Ähnliche Regelungen wie der Südwesten haben bereits die Metropolen Hamburg und Berlin. Hinzu kommen einige weitere Städte, darunter seit Längerem Tübingen – und bald wohl auch Bonn.

Wird es im Einzelfall konkret, beschweren sich manche Bauwillige über die zusätzlichen Kosten. Über den Daumen gepeilt schlägt eine Photovoltaikanlage für ein Einfamilienhaus beispielsweise mit rund 10.000 Euro zu Buche. Je größer das Haus und die Dachfläche, desto mehr steigen die Aufwendungen.
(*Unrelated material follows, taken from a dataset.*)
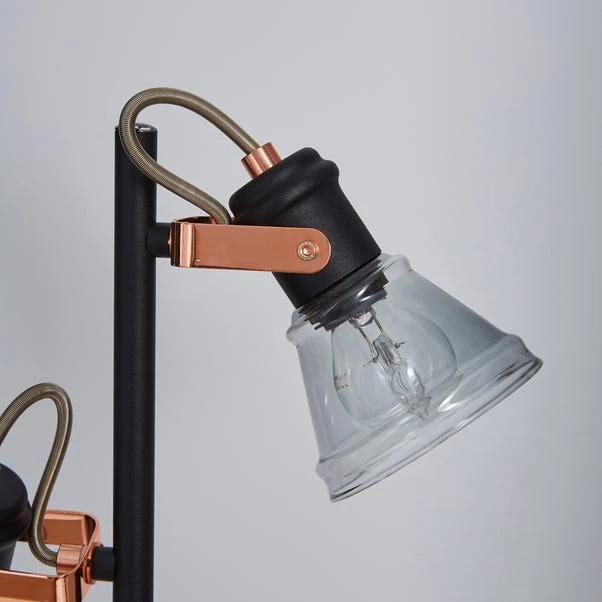 Dunelm Milas 3 Light Black Industrial Floor Lamp 5 Dunelm Milas 3 Light Black Industrial Floor Lamp - Image 3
Im Vergleich zu den gesamten Baukosten ist das allerdings nur ein kleiner Teil. Im Falle des Einfamilienhauses geht es vielleicht um zwei Prozent der Gesamtsumme von einer halben Million Euro.

Hinzu kommt, dass die Investition sich nach einiger Zeit rentiert. Schließlich sparen die Hausbesitzer durch den eigenen Strom einen guten Teil der Summe, die sie sonst dem Energieversorger überweisen müssten. Und manche Hersteller übernehmen mittlerweile eine langfristige Gewährleistung für die Stromausbeute der Solarmodule.
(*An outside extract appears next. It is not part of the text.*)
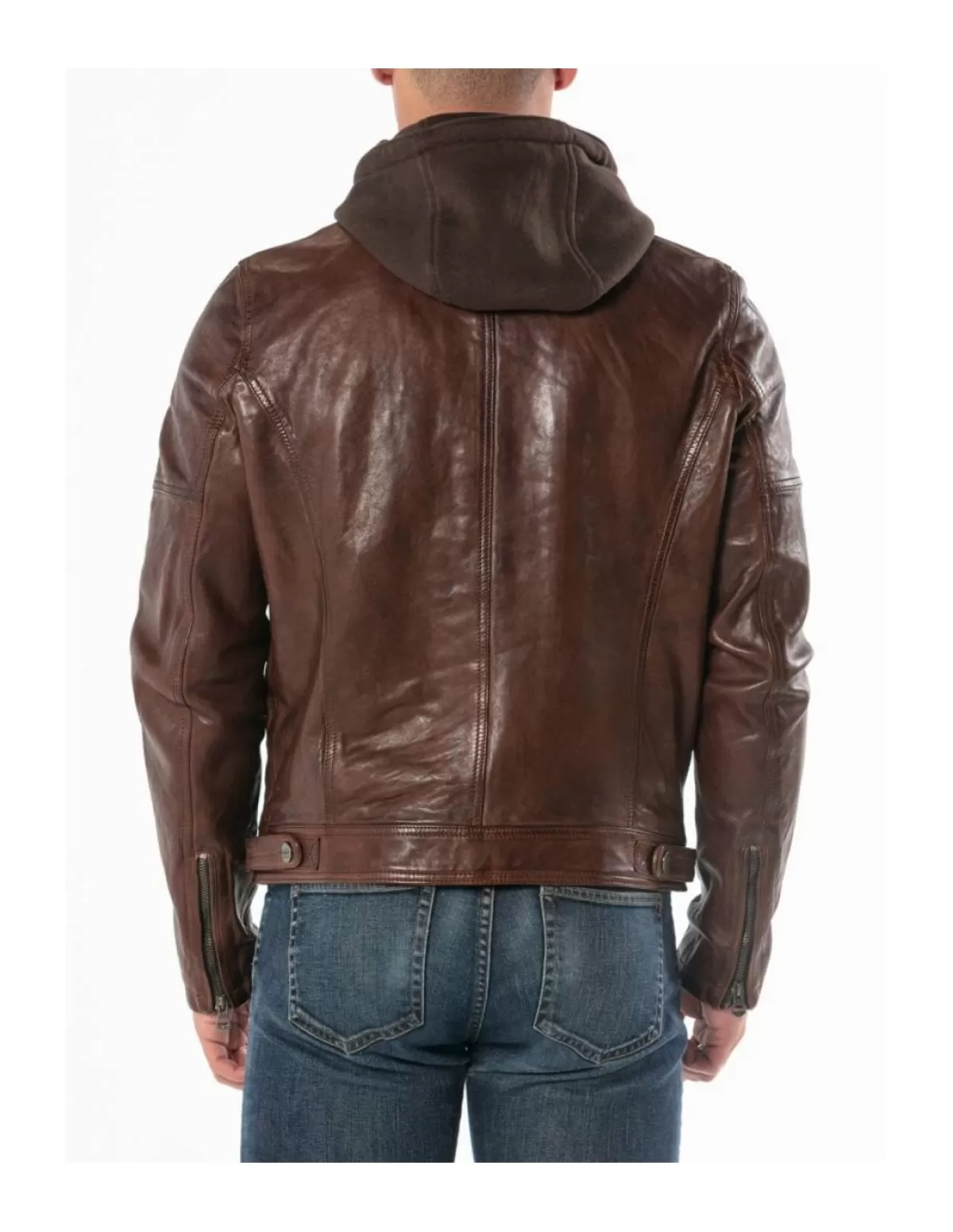 Daytona Blouson Cuir Homme<Blouson en cuir homme Ref 50362 Dark Cognac Marron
"Solaranlagen für Wohn-Neubauten sind meist auch ökonomisch sinnvoll, weil sie sich nach etwa zehn Jahren amortisieren und dann Geld einspielen", sagt Jörg Sutter, Vizepräsident der Deutschen Gesellschaft für Sonnenenergie.

Skepsis bei Immobilien- und Solarwirtschaft

Auch Ottmar Wernicke, Geschäftsführer des Immobilienverbandes Haus & Grund Württemberg, erklärt: "Eine finanzielle Überforderung der Immobilienbesitzer stellt eine Solarpflicht bei Neubauten wie etwa in Waiblingen in der Regel nicht dar."

Trotzdem hält er die Vorschrift für falsch: "Man sollte es den Eigentümern selbst überlassen, mit welcher Technologie sie die Klimaneutralität ihrer Immobilien erreichen wollen."

Kai Warnecke, Präsident des Haus-&-Grund-Bundesverbandes, sagt: "Bei einer Vollkostenrechnung über 20 Jahre lohnt sich die Investition nur bei selbst nutzenden Eigentümern, das heißt bei Einfamilienhäusern." Die Einführung der Solardachpflicht sei "so lange populistische Schaufensterpolitik, wie es dem Eigentümer nicht erlaubt ist, den Strom günstig an die Bewohner des Hauses zu liefern".

Warnecke spricht damit die komplizierten Regelungen zum sogenannten Mieterstrom an, die es vielen Eigentümern verleiden, die Elektrizität vom Dach in die vermieteten Wohnungen zu schicken.

Erstaunlicherweise betrachtet auch der Bundesverband Solarwirtschaft die Baupflicht skeptisch. Es gebe viel wirksamere Maßnahmen, um einen Photovoltaik-Boom auf Dächern auszulösen, heißt es dort. So müsse die Bundesregierung einfach die heute noch existierende Mengenbegrenzung für den Ausbau der Solarenergie aufheben.

Solarverbands-Chef Carsten Körnig befürchtet außerdem, dass eine bundesweite Solarpflicht die Akzeptanz der Sonnenenergie untergraben könnte.